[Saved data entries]

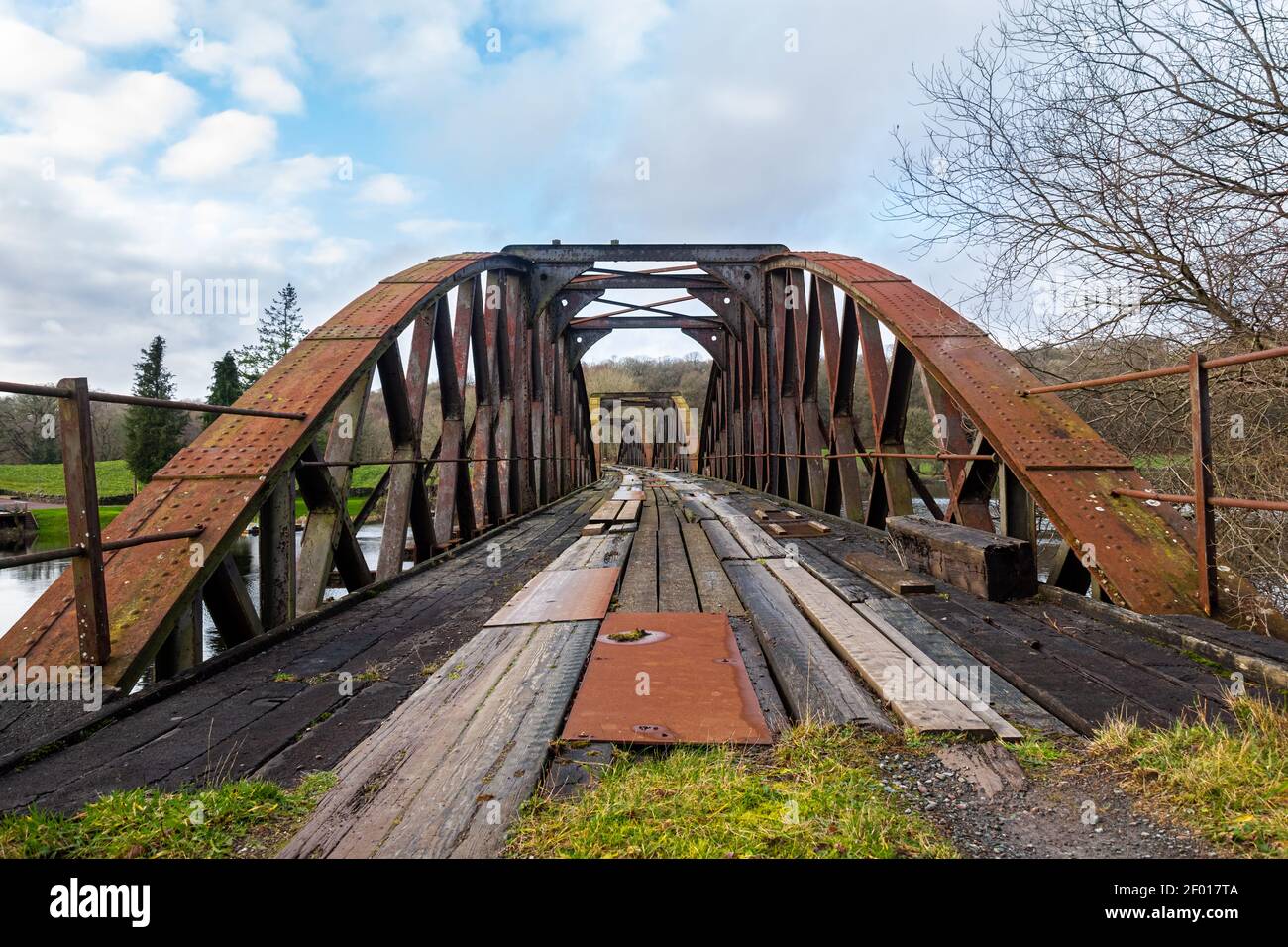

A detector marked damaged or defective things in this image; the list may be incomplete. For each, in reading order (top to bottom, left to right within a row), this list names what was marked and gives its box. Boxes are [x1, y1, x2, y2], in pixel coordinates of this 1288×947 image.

rusty steel arch [7, 241, 1277, 690]
rusty metal plate on deck [483, 567, 620, 626]
rusty metal plate on deck [559, 610, 767, 742]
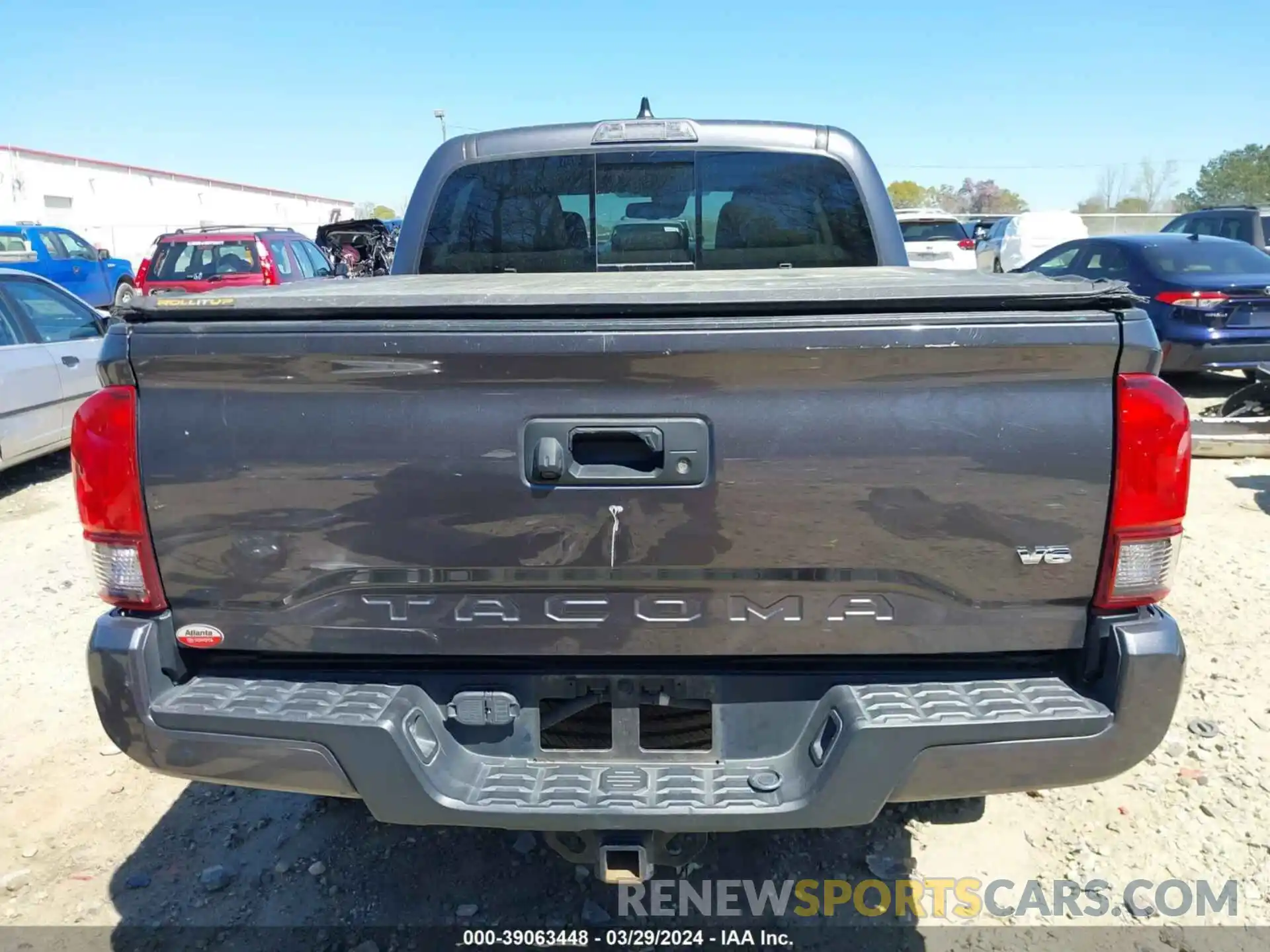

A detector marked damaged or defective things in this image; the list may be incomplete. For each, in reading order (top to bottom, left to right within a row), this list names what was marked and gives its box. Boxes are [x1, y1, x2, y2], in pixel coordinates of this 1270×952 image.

### Exercise brief
Once the pictures are removed, print all the remaining data exactly as it stands.

### Task solution
A detector marked damaged or defective things in this image; the list may be incomplete. For each, in reading order (top to bottom, left to right within a row), this list names what was marked and gives its box. Boxes are [x1, y1, x2, y2], in pixel coordinates of this 1288×947 image.

rusty steel arch [7, 241, 1277, 690]
rusty metal plate on deck [483, 567, 620, 626]
rusty metal plate on deck [559, 610, 767, 742]

A detector marked damaged or defective things in this image; the list may be incomplete. For each, in reading order (top to bottom, left to right within a row), this list names what was marked and gives its box. Boxes are [x1, y1, x2, y2], in pixel coordinates of this 1270×952 image.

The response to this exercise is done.